13,079 pytań - 31,644 odpowiedzi - 981 komentarzy

Co robić?????

+4 głosów
Od ponad roku chodzę do stajni. Są w niej inne przepisy. A konkretnie stajnia należy do hotelu jednego z polskich milionerów. I nie płacę za jazdę, tylko pracuję. Za pracę mogę jeździć. Chodzę do tej stajni z moją BFF. W tej stajni jest tak, że dobieramy konie między sobą i nie mieszamy w to instruktora a ni dyrektora. Tak więc każdy powinien mieć swój tzw. team. I teoretycznie mają go wszyscy. Wszyscy oprócz mnie. A dokładniej :
Przez rok miałam klaczkę. Wszyscy mówili że pasujemy do siebie, że jesteśmy dla siebie stworzone. Ja również to czułam. Dla niej pracowałam cały dzień aby się nią spotkać . Z powodów zdrowotnych moja mama musiała wyjechać na trzy tygodnie.

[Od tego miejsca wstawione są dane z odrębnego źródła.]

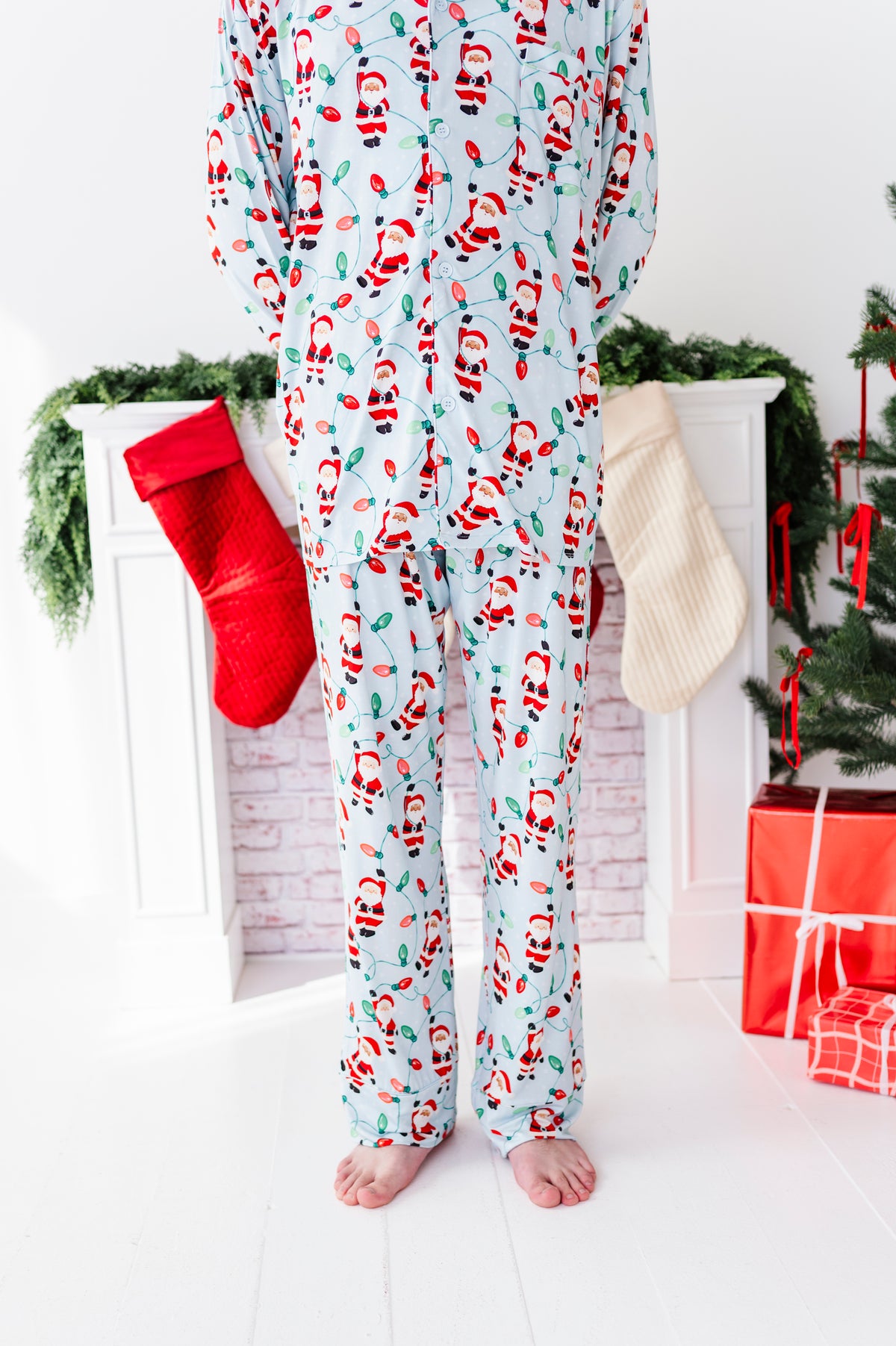 A person wearing light blue Christmas pajama bamboo set with a Santa Claus print, standing barefoot in front of a white fireplace decorated with stockings, greenery, and wrapped gifts.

Wtedy tata się mną opiekował i zabraniał mi chodzić do stajni. Przez te trzy tygodnie moja przyjaciółka odebrała mi kochanego konia. A konkretnie klacz jej się spodobała i wmawia sobie teraz, że klaczka ją kocha i to jest wielka miłość. ale czy miłość to jest 5 upadków (specjalnie zrobionych przez konia) w ciągu jednej, godzinnej jazdy? No chyba nie. Ja błąkam się od konia, do konia ale wiem że moja miłość stoi w boksie i została mi odebrana. Z nią czułam się szczęśliwa. Gdy próbuje rozmawiać o tym z przyjaciółką, ta mówi że robie z siebie ofiarę i to nie jej wina że nie potrafię się związać z innym koniem.Razem z tą przyjaciółką tworzymy naprawdę zgrany zespół i nie chcę tego w żaden sposób zniszczyć. Wierzę, że kiedyś odzyskam tego konia i nie będę kamieniem bez miłości. Nie życzę sobie odpowiedzi typu : Nie twój koń-nie twoja decyzja
Błagam pomóżcie!
pytanie zadane 15 lutego 2018 w Porady przez użytkownika d (2,223)
   

Twoja odpowiedź

Twoje imię i nazwisko, do wyświetlenia (opcjonalnie):
Prywatność: Twój adres użyty będzie jedynie do wysyłania tych powiadomień.
Weryfikacja antyspamowa:
Zaloguj lub zarejestruj się, aby nie przechodzić procesu weryfikacji w przyszłości.
...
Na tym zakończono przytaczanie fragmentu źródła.